Friday, January 23, 2015
by Roger Abrams, Richardson Professor of Law, Northeastern University, guest contributor
The National Football League’s 2014-15 season is nearing its close with the Super Bowl scheduled for February 1. However that game comes out, it will be overshadowed in the history of this season by the League’s halting approach to domestic violence committed by its players. The arch villain – but certainly not the only offender – was Ray Rice, a former running back for the Baltimore Ravens.
Rice’s story has become very well known. Rice brutally attacked his fianceé in the elevator of an Atlantic City hotel. It became headline news as the League struggled to determine how it should respond to the incident. In retrospect, it seems clear that NFL Commissioner Roger Goodell did not appreciate the public impact of the misconduct. He later admitted that his initial two-game suspension of Rice was an “error.”
Shortly after Goodell administered the discipline, the full tape of what happened inside that elevator became public. That disclosure sealed the public debate. The National Football League – a ten billion dollar a year enterprise – would have to regroup. Even the most prosperous business can lose its credibility quickly.
In an effort to stem the bad publicity, Goodell reversed course. He suspended Rice indefinitely and then attempted to reform football’s image. The League had already faced the awful reality that the men who played the game were more than likely to suffer repeated concussions, leading to dementia and other causes of early death. As a result of the Rice incident, the public became aware that some NFL players were prone to commit violent domestic acts. Goodell finally – some would say belatedly – went on the public record about the evils of domestic violence. So far, he has appointed several women to the top level of the League’s administration and authorized a television campaign against domestic violence using public service advertisements. Only time will tell whether these cosmetic changes will alter the environment that produced Ray Rice.
The public furor over the events involving Rice has finally abated, but the conditions that bred the dysfunction remain much alive. In fact, some research has suggested that players suffering severe head injuries become more prone to committing domestic abuse. The policies of the National Football League are now more attuned to the public’s rightful concerns. We know, however, that incidents like Ray Rice’s will not be stopped by public service announcements and six-game suspensions.
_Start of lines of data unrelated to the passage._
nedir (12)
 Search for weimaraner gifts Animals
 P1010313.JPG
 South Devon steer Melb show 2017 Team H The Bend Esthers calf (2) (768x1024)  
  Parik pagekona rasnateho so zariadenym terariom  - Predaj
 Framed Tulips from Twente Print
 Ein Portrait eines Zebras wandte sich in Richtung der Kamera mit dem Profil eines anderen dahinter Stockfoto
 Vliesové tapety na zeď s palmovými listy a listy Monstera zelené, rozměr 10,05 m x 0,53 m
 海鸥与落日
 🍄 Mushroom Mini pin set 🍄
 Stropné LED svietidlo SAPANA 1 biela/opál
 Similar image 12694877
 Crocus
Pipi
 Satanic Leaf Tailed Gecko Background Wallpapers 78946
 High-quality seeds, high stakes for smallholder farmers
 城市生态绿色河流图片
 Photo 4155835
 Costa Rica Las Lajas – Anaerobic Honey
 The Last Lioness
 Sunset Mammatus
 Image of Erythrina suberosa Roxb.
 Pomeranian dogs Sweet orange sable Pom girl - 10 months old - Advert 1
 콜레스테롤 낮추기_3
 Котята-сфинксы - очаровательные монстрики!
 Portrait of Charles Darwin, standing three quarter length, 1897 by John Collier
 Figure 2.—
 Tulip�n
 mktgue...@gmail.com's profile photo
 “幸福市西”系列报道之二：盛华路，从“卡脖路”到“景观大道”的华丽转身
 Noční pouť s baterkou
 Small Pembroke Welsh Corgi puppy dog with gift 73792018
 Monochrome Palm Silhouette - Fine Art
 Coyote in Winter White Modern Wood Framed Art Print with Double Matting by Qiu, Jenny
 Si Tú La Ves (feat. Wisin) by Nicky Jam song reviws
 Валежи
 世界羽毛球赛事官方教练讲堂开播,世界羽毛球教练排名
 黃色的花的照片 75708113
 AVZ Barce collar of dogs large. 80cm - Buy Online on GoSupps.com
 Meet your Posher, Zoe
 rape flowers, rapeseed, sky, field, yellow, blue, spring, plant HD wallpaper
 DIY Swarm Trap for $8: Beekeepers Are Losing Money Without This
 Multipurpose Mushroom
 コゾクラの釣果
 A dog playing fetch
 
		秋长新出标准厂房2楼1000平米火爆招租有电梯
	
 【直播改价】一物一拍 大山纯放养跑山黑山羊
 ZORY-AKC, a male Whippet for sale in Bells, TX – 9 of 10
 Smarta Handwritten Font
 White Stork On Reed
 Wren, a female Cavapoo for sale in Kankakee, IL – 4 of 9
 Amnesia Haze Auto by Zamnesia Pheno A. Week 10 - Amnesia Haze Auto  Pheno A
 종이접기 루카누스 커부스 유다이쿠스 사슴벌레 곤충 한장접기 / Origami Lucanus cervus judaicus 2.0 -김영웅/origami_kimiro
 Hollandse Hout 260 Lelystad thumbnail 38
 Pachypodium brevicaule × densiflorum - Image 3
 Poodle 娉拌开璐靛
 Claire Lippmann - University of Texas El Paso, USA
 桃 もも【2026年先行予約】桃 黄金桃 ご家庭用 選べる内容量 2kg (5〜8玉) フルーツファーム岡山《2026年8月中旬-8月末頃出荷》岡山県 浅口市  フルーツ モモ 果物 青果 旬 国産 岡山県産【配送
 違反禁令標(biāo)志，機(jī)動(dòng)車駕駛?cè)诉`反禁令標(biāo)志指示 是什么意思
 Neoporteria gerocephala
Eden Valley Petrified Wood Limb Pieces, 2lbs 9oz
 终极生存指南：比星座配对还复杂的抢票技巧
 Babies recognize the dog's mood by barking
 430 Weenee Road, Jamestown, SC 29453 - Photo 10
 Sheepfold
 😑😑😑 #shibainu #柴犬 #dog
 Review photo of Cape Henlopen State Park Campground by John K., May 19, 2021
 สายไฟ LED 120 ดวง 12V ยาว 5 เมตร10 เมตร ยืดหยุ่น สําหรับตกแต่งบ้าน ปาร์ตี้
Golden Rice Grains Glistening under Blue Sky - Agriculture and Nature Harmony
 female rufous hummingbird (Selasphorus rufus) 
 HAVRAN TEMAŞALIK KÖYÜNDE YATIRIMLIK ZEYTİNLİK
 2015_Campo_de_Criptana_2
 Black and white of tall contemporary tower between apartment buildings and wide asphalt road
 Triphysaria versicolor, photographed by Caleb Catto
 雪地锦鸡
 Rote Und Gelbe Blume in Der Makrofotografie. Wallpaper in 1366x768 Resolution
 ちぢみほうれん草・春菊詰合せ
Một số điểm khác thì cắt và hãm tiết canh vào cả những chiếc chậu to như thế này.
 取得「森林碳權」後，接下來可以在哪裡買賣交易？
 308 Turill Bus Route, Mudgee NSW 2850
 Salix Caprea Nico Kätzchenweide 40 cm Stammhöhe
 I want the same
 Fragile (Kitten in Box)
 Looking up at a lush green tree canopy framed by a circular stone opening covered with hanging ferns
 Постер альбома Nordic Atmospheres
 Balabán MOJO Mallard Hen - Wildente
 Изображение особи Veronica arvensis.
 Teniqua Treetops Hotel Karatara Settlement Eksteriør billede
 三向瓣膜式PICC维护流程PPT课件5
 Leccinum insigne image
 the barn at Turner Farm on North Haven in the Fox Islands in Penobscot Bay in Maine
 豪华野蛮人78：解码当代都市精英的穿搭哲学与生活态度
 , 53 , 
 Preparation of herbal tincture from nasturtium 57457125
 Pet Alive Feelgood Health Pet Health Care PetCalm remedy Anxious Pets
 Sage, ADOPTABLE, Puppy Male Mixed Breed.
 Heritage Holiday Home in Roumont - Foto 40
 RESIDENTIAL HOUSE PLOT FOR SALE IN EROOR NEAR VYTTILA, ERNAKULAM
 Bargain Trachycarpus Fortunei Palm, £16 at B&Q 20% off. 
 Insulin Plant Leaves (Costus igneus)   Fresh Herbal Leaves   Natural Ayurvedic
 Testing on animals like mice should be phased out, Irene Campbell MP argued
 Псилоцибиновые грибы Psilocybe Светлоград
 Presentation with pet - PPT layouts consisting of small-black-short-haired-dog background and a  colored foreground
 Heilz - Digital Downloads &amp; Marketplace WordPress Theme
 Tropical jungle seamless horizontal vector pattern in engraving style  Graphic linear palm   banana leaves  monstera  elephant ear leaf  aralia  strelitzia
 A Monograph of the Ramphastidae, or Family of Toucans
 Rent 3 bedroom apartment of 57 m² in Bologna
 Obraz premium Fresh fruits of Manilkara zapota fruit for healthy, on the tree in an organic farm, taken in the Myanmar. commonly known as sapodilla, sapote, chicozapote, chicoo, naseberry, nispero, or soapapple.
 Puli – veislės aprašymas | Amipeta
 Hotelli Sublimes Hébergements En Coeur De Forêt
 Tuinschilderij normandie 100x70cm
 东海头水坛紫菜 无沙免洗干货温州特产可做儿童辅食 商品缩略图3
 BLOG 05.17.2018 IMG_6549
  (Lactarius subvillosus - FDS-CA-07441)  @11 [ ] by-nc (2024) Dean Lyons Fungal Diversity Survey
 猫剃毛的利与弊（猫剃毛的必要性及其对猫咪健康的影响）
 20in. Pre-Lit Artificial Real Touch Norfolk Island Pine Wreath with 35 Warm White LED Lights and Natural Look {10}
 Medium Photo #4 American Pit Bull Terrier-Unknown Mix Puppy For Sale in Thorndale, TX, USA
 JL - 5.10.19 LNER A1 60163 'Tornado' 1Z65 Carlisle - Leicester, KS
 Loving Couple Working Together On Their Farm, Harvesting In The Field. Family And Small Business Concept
Each year the National Football League replenishes itself through the college draft. Each club has the opportunity to evaluate potential talent on the field, but this year it must also judge how potential draftees will behave off the field. Jameis Winston, the quarterback from Florida State University, has allegedly engaged in off-field behavior that should give any club pause before using its top draft choice to add him to the squad. However, few are optimistic that the Rice incident will have any impact on the draft selections.
The National Football League – our favorite sports entertainment by far – is on probation in the public’s mind. Immense popularity is not eternal. Goodell may have saved the business for now, but future challenges await.